Posted by: P Murgos on May 19, 2004 10:52 PM

“I recently said that by allowing …same-sex marriage in Massachusetts, America has removed itself from divine protection…” (5/19)

I think that had already happened some time ago. 9/11 was a good example of a visible lack of divine protection. Go back further for other examples.

My own very personal opinion: whenever it happened, the USA became like an elevator car with the cables cut. Inside the car, things seem pretty much the same, except for a sinking sensation in the stomach. Conservatives and traditionalists arguing politics amongst each other is like the passengers arguing about how best to decorate the car’s interior.

Posted by: Arie Raymond on May 20, 2004 12:36 AM

Yes, 9/11 brought it home that we had thrown away God’s protection. And we failed to realize the meaning of that. We failed to realize that we could defend ourselves from our enemies even while repenting to God for the sins that had separated us from his protection. People felt that any acknowledgement of our own sins would mean justifying the attack, which is completely wrong. The attack was able to happen because we had separated ourselves from truth, on multiple levels. Still, even though there was no formal “fasting and humiliation” as in revolutionary times and the Civil War, America showed some virtue. We were given a second chance. How have we used it? In the midst of this war with savage enemies, we’ve gone even deeper into rebellion against God than before. So, we lost the divine protection prior to 9/11, then we were given a second chance, and we’ve lost it even more now.

Regarding Mr. Raymond’s metaphor of the elevator car, where would he locate _himself_ in relation to the car? Is he inside it, with the rest of us, or is he perhaps observing it from a safe place outside it? If the latter, could he tell us how he got there?

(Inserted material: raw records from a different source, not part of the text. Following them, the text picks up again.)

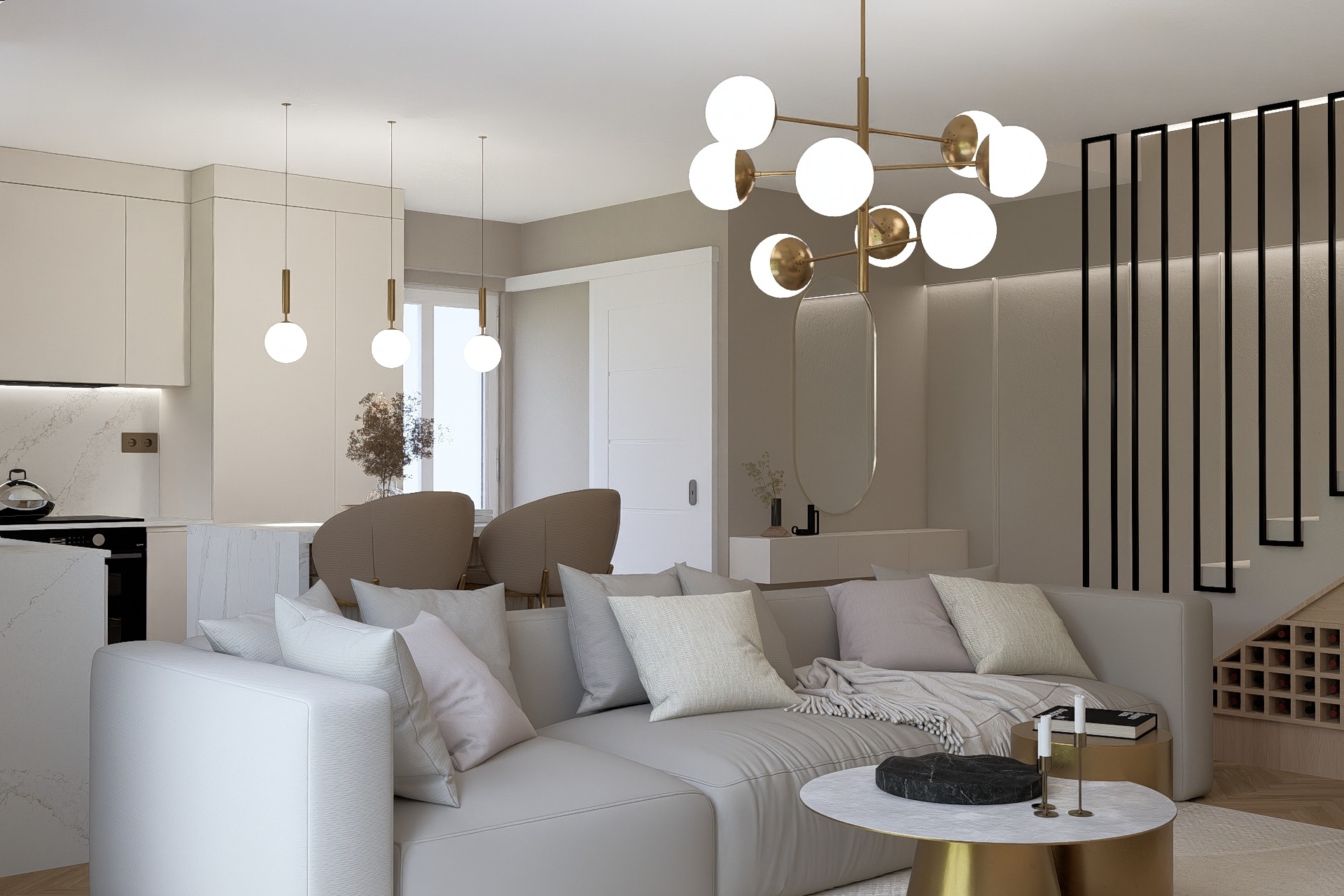 Amenajare Living Casă | RbyD 061 - Imagine 8 proiect design interior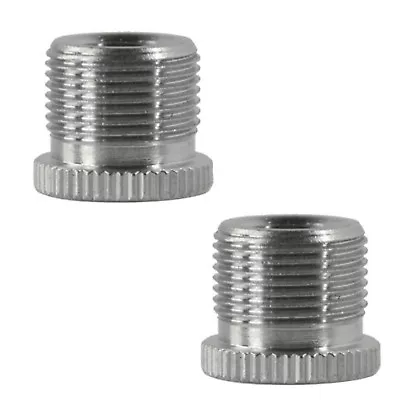 2x Metal Adapter 5/8'' Male To 3/8'' Female Mic Screw For Mic Microphone Stand • $7.19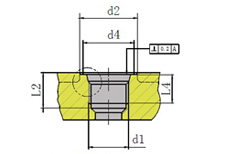 SAE thread port and mating stud end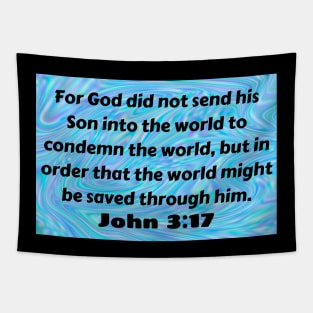 Bible Verse John 3:17 Tapestry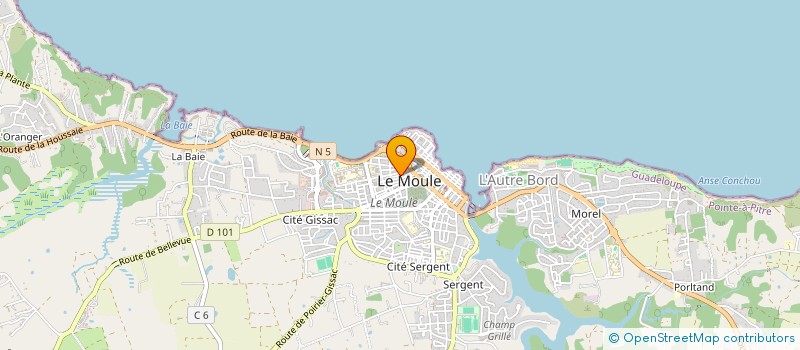 localisation de l'entreprise MONSIEUR GEORGES FLAINVILLE  LE MOULE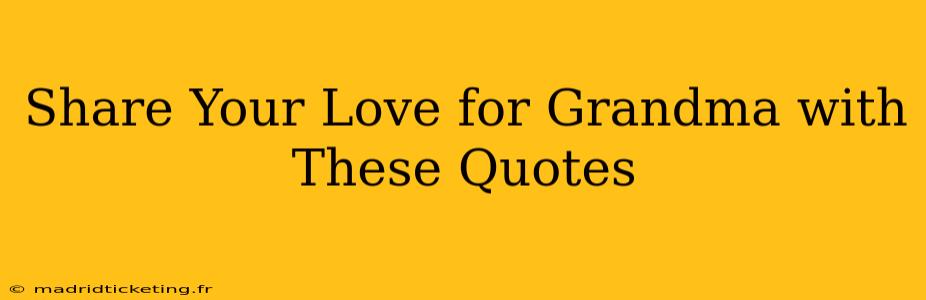 Share Your Love for Grandma with These Quotes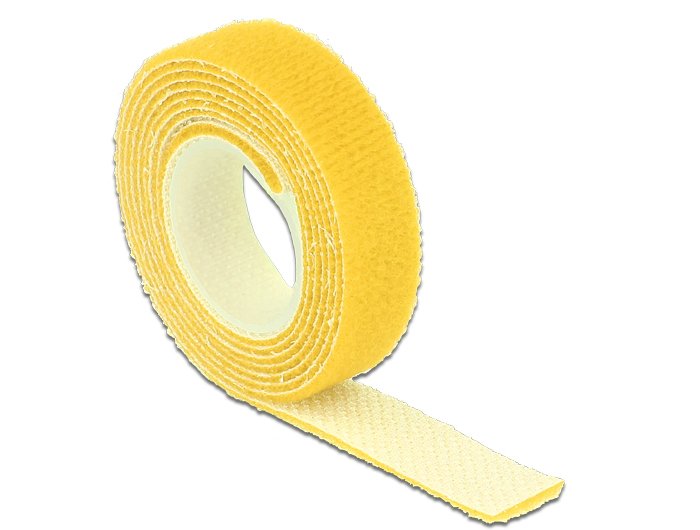 EAN 4043619187331 - DeLOCK 18733 velcro Amarillo 1 pieza(s) imagen 1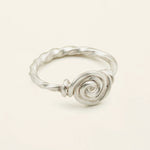SWIRL RING - sølv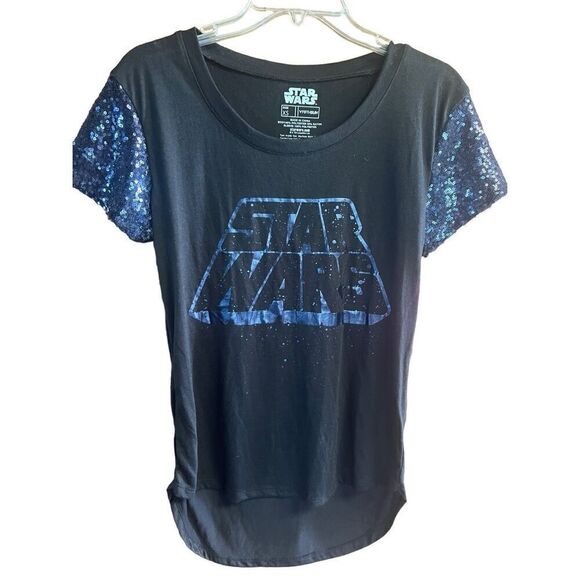 Star Wars Womans sequence T-shirt Sz XS NWT - Picture 1 of 6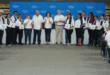 Presidente Mulino durante la entrega de fertilizantes a productores agropecuarios en Bocas del Toro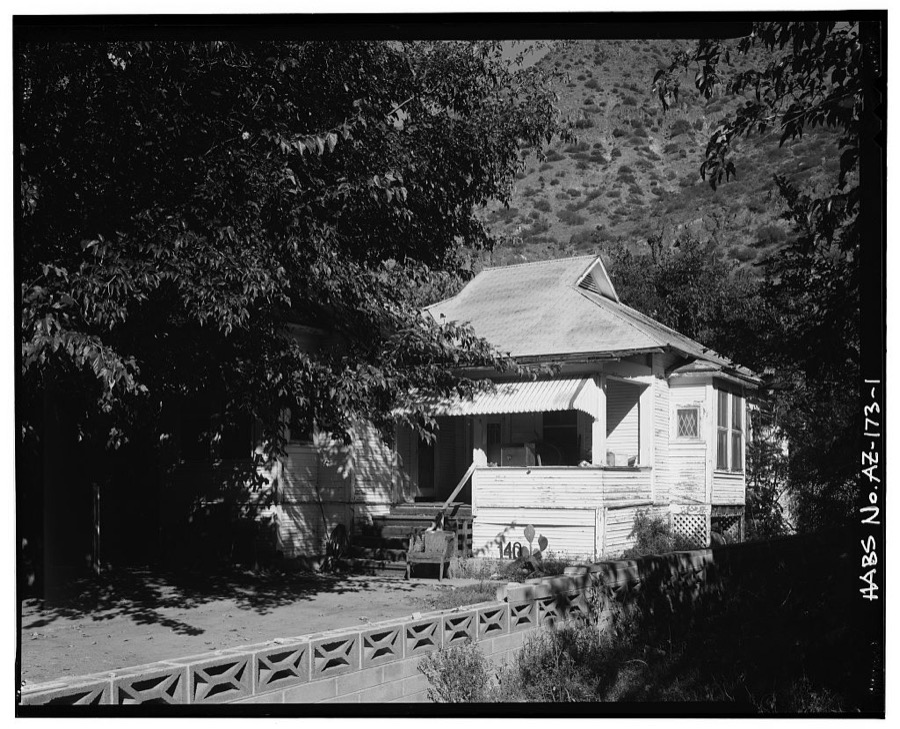 George Hall House & Garage, 140 Frisco Street, Clifton, Greenlee County, AZ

Posted by: Lawrence Auster on May 20, 2004 12:58 AM

Mr. Raymond, I really relate to comment about that sinking sensation in the stomach. I don’t really agree about your idea that our discussions here are just useless, futile talk. The American revolution came about thanks to the political arguments of a relatively small number of decent men in this land 230 years ago.

A couple of things that many conservatives I talk to have difficulty in accepting is that a) the majority of the people who are able to vote in this country are basically selfish, amoral and reject the precious Judeo-Christian culture that made this nation possible; b) there are a substantial number of highly influential people who are actively working to destroy our race and culture. As Alan Keyes stated in the article I linked to earlier: “They just don’t get it.”

Apart from praying for this nation daily, which is first and foremost, what would you suggest we do?

BTW, I really appreciated your excellent insights about Orthodox Icons, a Christian art form I have long admired, on an earlier thread.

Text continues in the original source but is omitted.